Piggybacking somewhat off of Glenn Rosen’s post, Is Your Association Manager Practicing Law Without a License, this post addresses whether Florida community association managers should be adjusting insurance claims. I recently encountered a situation where a community association manager’s de facto adjustment of an insurance claim jeopardized the insured’s recovery. Distinct skill sets and separate licensing requirements surround the community association management and public adjusting professions, so it seems to me that the professions should rarely (if ever) be blurred.
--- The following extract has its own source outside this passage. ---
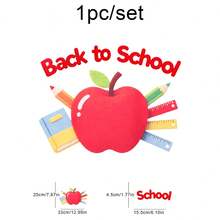 WELCOME Back To School Season Party Decoration Backdrop Set Classroom Door Sticker Holiday Celebration Banner With Backpack, Pencil, School Bus, Apple, Maple Leaf And Stationery - Multicolor - View 3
As for community association managers, Section 468.436(2)(a) of the Florida Statutes brings Section 455.227(1) of the Florida Statutes into play. And Section 455.227(1)(o) prohibits “[p]racticing or offering to practice beyond the scope permitted by law or accepting and performing professional responsibilities the licensee knows, or has reason to know, the licensee is not competent to perform.” As for public adjusters, community association managers may come in handy during the adjustment of a claim (e.g., access to the property for inspections, knowledge of the peril that caused damage, knowledge of the property’s physical condition before and after a peril, access to the community’s repair / maintenance records), but be mindful of this – “[t]he public adjuster shall ensure that if a contractor, architect, engineer, or other professional is used in formulating estimates or otherwise participates in the adjustment of the claim, the professional shall be licensed by the Florida Department of Business and Professional Regulation.”1 Part VIII of Chapter 468 of the Florida Statutes addresses community association manager licensing.
Moral of the story – lest you wish to get yourself and/or your client (the community property owner and policyholder) in a dicey situation, stick to practicing what you are qualified to and licensed to practice.
1 Fla. Admin. Code § 69B-220.201(4)(c) (emphasis added).